Fisher gets $5.8M for developmental disability nursing institute
Thomas Golisano has donated $5.8 million to St. John Fisher College to create the Golisano Institute for Developmental Disability Nursing. The gift includes $800,000 from the Golisano Foundation.
First of its kind in the nation, the institute will be part of Fisher’s Wegmans School of Nursing and is designed to transform the health care and support of individuals with developmental disabilities. Dianne Cooney Miner, founding dean of the Wegmans School of Nursing, will lead the institute.
The school expects to draw on relationships with professional nursing associations, and partnerships with international nursing schools such as the Waterford Institute of Technology in Waterford, Ireland. It will also capitalize on the network of Golisano Children’s Hospitals and community health centers as well as the Golisano Foundation’s collaboration with Special Olympics Health to extend the institute’s reach.

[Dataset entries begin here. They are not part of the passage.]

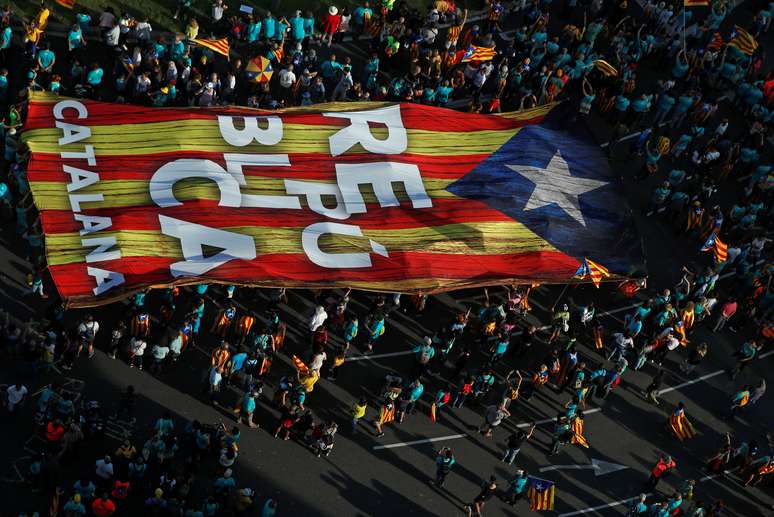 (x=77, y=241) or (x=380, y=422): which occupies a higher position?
(x=77, y=241)

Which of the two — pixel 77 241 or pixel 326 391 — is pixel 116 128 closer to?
pixel 77 241

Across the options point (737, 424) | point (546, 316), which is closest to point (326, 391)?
point (546, 316)

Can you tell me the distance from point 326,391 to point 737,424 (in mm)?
13171

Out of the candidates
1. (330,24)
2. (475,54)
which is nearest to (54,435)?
(330,24)

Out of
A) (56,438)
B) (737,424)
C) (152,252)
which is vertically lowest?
(737,424)

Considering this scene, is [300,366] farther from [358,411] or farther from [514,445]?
[514,445]

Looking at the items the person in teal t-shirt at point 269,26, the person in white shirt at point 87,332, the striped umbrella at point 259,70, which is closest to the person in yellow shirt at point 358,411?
the person in white shirt at point 87,332

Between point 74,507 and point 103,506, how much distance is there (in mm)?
799

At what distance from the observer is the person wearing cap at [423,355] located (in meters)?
35.3

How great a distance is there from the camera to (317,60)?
4450 cm

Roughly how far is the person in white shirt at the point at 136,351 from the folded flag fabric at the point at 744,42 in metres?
26.0

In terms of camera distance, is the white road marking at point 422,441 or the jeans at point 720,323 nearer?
the white road marking at point 422,441

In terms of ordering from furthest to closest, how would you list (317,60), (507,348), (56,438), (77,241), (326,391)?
(317,60) → (507,348) → (326,391) → (77,241) → (56,438)

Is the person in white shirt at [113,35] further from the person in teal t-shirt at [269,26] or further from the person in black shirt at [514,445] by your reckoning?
the person in black shirt at [514,445] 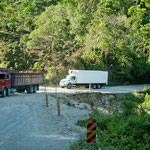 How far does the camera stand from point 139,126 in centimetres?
1278

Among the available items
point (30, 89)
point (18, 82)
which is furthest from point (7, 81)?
point (30, 89)

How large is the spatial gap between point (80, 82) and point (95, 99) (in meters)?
7.73

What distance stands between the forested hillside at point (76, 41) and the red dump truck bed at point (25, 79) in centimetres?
1239

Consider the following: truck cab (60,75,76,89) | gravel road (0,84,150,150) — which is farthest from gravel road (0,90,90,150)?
truck cab (60,75,76,89)

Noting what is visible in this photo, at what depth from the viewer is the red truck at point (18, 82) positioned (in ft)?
82.9

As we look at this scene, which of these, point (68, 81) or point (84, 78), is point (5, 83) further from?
point (84, 78)

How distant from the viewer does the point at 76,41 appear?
174 feet

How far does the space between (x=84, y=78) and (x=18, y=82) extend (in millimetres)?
16453

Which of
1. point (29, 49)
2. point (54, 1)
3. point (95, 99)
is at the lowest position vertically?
point (95, 99)

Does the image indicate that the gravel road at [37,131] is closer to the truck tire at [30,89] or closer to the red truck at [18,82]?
the red truck at [18,82]

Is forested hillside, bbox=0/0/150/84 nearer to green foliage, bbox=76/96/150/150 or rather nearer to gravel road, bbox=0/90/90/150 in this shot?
gravel road, bbox=0/90/90/150

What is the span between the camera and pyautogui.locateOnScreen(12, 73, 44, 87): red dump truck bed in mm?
27125

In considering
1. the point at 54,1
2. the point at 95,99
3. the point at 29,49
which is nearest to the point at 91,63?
the point at 29,49

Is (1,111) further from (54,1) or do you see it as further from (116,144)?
(54,1) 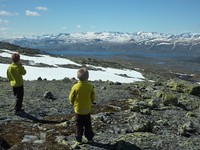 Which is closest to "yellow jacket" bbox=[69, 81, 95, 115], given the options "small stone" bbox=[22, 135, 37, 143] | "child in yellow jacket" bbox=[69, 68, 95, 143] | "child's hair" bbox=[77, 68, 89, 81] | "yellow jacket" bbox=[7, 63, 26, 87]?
"child in yellow jacket" bbox=[69, 68, 95, 143]

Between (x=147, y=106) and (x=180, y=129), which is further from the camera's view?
(x=147, y=106)

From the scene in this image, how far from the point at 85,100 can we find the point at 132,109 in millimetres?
7979

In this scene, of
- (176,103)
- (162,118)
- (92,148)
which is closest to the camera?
(92,148)

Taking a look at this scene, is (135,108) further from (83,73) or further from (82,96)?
(83,73)

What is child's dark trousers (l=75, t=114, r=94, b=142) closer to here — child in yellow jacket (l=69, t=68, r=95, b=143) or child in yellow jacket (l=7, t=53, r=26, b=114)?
child in yellow jacket (l=69, t=68, r=95, b=143)

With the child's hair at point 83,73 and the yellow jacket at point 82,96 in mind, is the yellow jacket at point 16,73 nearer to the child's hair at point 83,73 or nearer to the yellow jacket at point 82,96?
the yellow jacket at point 82,96

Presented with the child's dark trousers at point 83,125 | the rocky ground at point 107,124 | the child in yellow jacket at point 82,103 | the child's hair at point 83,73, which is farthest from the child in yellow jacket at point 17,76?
the child's hair at point 83,73

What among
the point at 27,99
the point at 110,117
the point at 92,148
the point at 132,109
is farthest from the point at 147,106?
the point at 92,148

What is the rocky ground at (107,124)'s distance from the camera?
14.1m

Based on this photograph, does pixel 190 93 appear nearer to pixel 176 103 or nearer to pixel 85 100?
pixel 176 103

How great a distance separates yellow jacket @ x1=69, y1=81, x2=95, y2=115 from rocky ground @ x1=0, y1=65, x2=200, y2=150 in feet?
4.84

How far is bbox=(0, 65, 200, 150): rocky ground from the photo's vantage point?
14094 millimetres

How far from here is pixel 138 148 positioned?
13.6 metres

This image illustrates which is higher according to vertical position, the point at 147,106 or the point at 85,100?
the point at 85,100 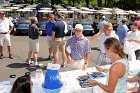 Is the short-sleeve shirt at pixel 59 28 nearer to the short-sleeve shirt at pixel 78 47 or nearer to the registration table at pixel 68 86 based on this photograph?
the short-sleeve shirt at pixel 78 47

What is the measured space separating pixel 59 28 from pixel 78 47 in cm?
253

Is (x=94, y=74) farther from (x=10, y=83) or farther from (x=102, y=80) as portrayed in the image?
(x=10, y=83)

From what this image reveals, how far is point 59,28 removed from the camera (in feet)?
26.8

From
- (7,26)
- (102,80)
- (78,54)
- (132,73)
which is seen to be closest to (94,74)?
(102,80)

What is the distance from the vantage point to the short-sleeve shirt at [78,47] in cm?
572

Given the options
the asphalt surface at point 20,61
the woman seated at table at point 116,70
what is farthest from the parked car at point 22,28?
the woman seated at table at point 116,70

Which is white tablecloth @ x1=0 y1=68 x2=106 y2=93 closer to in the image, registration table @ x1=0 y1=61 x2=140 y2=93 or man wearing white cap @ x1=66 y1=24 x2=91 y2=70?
registration table @ x1=0 y1=61 x2=140 y2=93

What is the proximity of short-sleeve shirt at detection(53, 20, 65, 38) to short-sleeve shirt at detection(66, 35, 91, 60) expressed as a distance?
2394 millimetres

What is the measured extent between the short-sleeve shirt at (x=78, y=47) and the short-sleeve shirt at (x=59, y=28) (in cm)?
239

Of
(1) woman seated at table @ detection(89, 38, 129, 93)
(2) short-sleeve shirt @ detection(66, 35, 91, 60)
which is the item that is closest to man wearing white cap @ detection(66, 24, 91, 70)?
(2) short-sleeve shirt @ detection(66, 35, 91, 60)

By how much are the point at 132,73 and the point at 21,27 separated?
11197 millimetres

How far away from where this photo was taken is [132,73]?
16.3ft

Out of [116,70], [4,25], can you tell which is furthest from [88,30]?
[116,70]

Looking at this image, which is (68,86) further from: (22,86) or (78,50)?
(78,50) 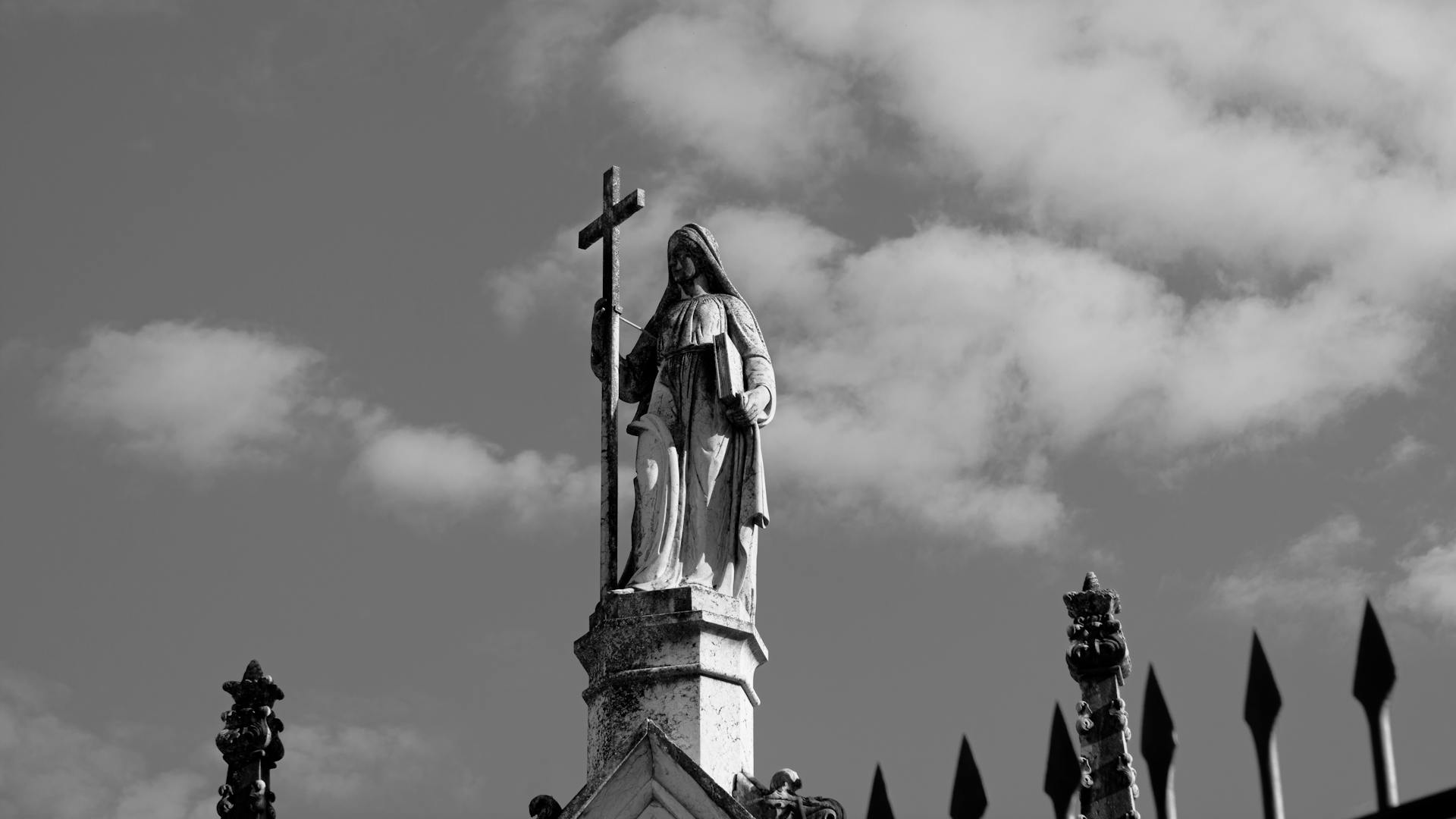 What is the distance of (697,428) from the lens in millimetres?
12484

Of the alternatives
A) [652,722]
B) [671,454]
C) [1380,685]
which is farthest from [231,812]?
[1380,685]

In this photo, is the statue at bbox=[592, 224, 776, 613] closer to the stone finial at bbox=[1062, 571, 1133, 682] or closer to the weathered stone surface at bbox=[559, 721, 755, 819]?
the weathered stone surface at bbox=[559, 721, 755, 819]

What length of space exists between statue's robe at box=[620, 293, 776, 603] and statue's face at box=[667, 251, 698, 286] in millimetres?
259

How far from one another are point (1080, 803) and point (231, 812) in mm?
4848

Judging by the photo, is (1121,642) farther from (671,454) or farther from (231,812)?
(231,812)

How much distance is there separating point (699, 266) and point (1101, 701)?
4628 millimetres

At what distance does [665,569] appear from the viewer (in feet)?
39.3

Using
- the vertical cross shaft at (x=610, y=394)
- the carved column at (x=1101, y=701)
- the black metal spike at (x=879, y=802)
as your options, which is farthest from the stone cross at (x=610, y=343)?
the black metal spike at (x=879, y=802)

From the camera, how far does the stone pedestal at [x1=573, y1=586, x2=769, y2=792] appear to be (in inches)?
446

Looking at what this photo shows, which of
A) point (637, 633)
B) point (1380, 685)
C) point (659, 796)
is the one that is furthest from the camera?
point (637, 633)

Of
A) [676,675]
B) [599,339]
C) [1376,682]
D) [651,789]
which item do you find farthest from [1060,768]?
[599,339]

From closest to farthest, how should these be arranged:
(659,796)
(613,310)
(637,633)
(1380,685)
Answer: (1380,685) → (659,796) → (637,633) → (613,310)

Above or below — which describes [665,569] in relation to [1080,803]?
above

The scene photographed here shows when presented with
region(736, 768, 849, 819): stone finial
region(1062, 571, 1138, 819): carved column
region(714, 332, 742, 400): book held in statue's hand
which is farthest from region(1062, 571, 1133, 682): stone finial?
region(714, 332, 742, 400): book held in statue's hand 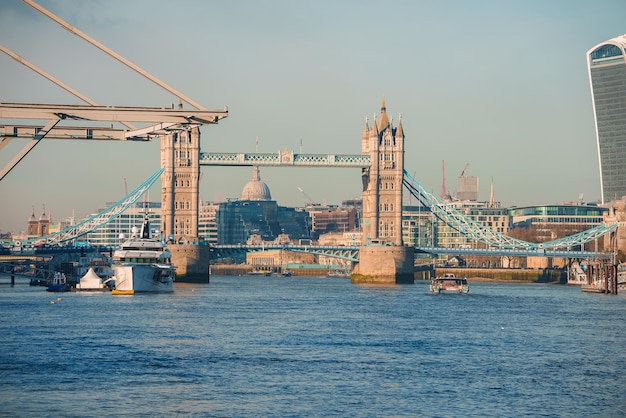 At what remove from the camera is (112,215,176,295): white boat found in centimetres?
11600

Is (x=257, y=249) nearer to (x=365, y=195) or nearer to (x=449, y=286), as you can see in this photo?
A: (x=365, y=195)

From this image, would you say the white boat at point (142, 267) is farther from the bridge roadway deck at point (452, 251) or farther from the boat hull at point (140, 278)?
the bridge roadway deck at point (452, 251)

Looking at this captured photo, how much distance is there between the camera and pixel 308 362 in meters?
54.0

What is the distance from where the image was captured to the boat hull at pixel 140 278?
380 ft

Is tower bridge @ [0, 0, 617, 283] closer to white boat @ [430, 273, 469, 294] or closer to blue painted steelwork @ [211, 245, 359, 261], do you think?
blue painted steelwork @ [211, 245, 359, 261]

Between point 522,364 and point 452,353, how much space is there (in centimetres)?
506

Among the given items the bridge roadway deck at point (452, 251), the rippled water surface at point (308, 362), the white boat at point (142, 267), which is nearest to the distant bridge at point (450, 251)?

The Golisano Institute plans deliver an internationally recognized and technology enriched curriculum for developmental disability nursing education through on-the-ground and online micro-credential formats, as well as the use of avatars and the state-of-the-art simulation lab in the School of Nursing. Cooney Miner also noted that it will lead the effort to enhance nursing curricula in the care of individuals with developmental disabilities at the national and global level to ensure that entry level and advanced practice nursing graduates are fully prepared to care for this special population.
“The creation of the Golisano Institute is a major step forward in filling the gaps in access to care and ensuring inclusive health for individuals with developmental disabilities,” said Cooney Miner said. “There is a real need to develop advocacy leaders in development disability health care to encourage dialogue and promote positive change to ensure that this population receives the quality of life that they deserve.”
Through the Golisano Institute, hospitals, health centers, schools, advocacy groups, and families around the country and across the globe will also have access to a strong network of community clinical nurse specialists who will advise them on providing care for individuals with developmental disabilities.